The Cork Examiner reported the excitement among the crowd. "The Blackpool people were so overwhelmed that the spacious grounds looked too small to contain them." The scenes of joy and excitement that erupted when Dr Tommy Daly blew the full time whistle are now part of the lore of the club. When the players and supporters of the Glen finally left the Athletic Grounds, it was in a parade of side-cars and wagonettes that cheered its way along the South Mall, the Grand Parade, North Main Street over the North Gate Bridge (where a big deal was made of taking the Cup "over the Bridge" for the first time) and finally into Blackpool where the celebrations lasted for a week.


"Batna" Barrett pulled the handle of the cup in a moment of excitement but as Paddy Deasy wrote in ‘The Spirit of the Glen', "The Glen had eight years to fix it". The Glen would not taste defeat again in the Cork County Championship until the semi-final of 1942.


The victory was well received by the rest of Cork.

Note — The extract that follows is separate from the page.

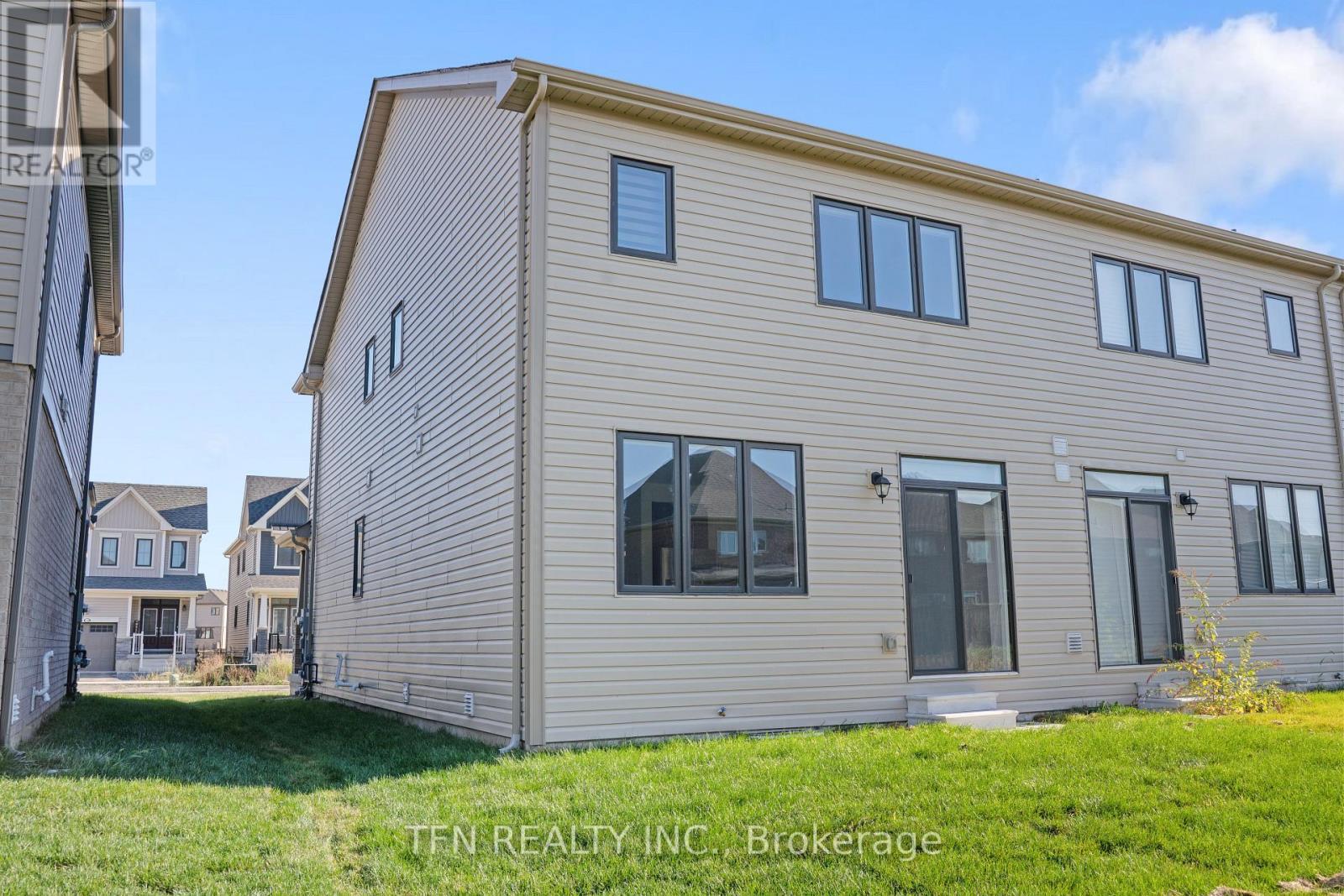 115 Velvet Way, Thorold, ON - Outdoor With Exterior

The Cork Examiner report from the County Board meeting of October 9th said,


"Mr Nagle, St Finbarrs, said it was his duty on behalf of the St Finbarrs club to express the member's heartiest congratulations to Glen Rovers on their magnificent win last Sunday and the splendid manner in which the game was played."


County Board Chairman, Seán McCarthy said "...The [Glen] players added to their reputations and gave everyone present ...an hour's exhibition of the national pastime that was a credit to all concerned."

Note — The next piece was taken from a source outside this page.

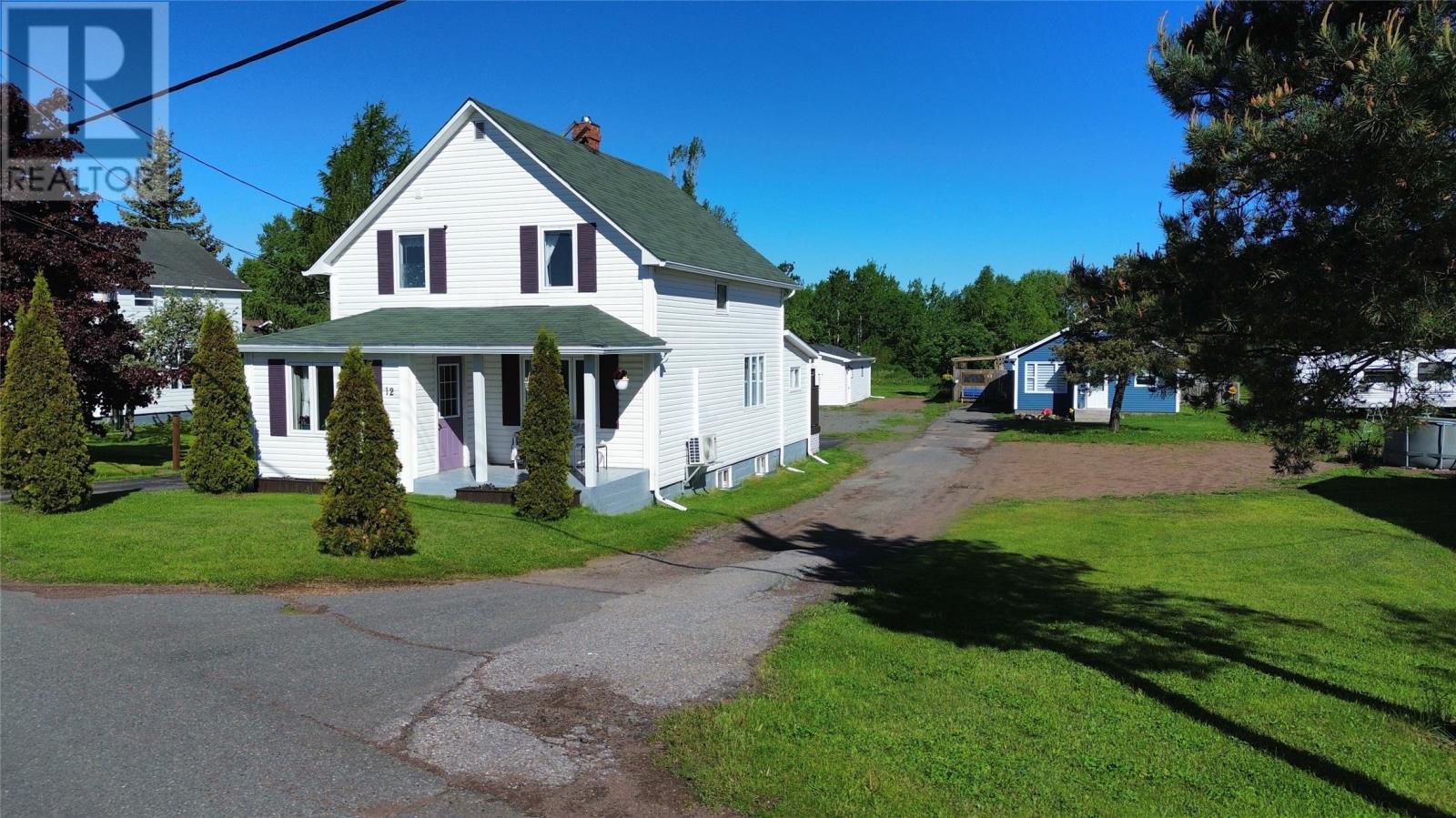 12 Memorial Avenue, Botwood — photo 2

The Glen delegate Paddy O'Connell "expressed thanks on behalf of his club and said only for the School Shield Committee and the North Monastery, the Glen would never have had a senior club... we thank the Schools Shield Committee and the Christian Brothers of Cork."


"Iomanuidhe" summed up the county final in his column of October 12th. He said "I am satisfied Glen Rovers deserved their victory." As for the Barrs display, he had the following to say,


"For all their short comings the made a gallant finish, and threw every ounce that was in them into the last 10 minutes of the game. Their forwards lacked cleverness and penetration; otherwise they would have won the match in the first fifteen minutes when they had so much of the ball."


The Glen went from strength to strength after 1934. They won the next seven county championships, and then the Barrs won two more. In fact, the two clubs continued to pass the title from one to the other until 1951 when Sarsfields beat the Glen in the final. It is an amazing statistic that all the 19 senior hurling championships that were played between 1932 and 1950 were shared between the Glen (13) and the Barrs (6). In contrast to this, 10 different teams have won the 19 titles played since 1990.


In the greater context of the GAA' 125 anniversary celebrations this year, the Glen's win in 1934 was an important landmark because it added a new dimension to the urban rivalry of the Barrs and Blackrock in Cork City. Hurling became an instant hit in the new housing estates that were being built in Gurranebraher. The significance of this is that until the 1930s the GAA was mainly a rural organisation. If the GAA had not managed to gain a strong foothold in the cities when it did - and the Cork clubs played a significant role in this - it may not have become the strong organisation it is today.


Such studies of history were lost on the people of Blackpool on October 7th 1934 however, when the shout finally went through the country that the Glen had won the "county". And unlike what the old song says, at 6 o'clock that Sunday much more than a goat broke loose upon the ‘Prade. The teams that played that day were

Glen Rovers; M Casey, J Corkery, T Kiely, D.M. Dorgan, J Burke, P O'Connell, P "Fox" Collins, P Dowling, J Lee (Capt.) W Hyland, C Buckley, P Murphy, P Dorgan, B Barrett, W O'Driscoll. Subs E Carroll for J Burke (inj)

St Finbarrs; J Buttimer, D Lynch, M O'Connor, E Kingston, J Horgan, J O'Sullivan, T Vaughan, M O'Connell, P Corcoran, G Kenneally, D.B. Murphy, J Lehane, P. P. Murphy, W Stanton.

Final Score Glen Rovers 3-2, St Finbarrs 0-6.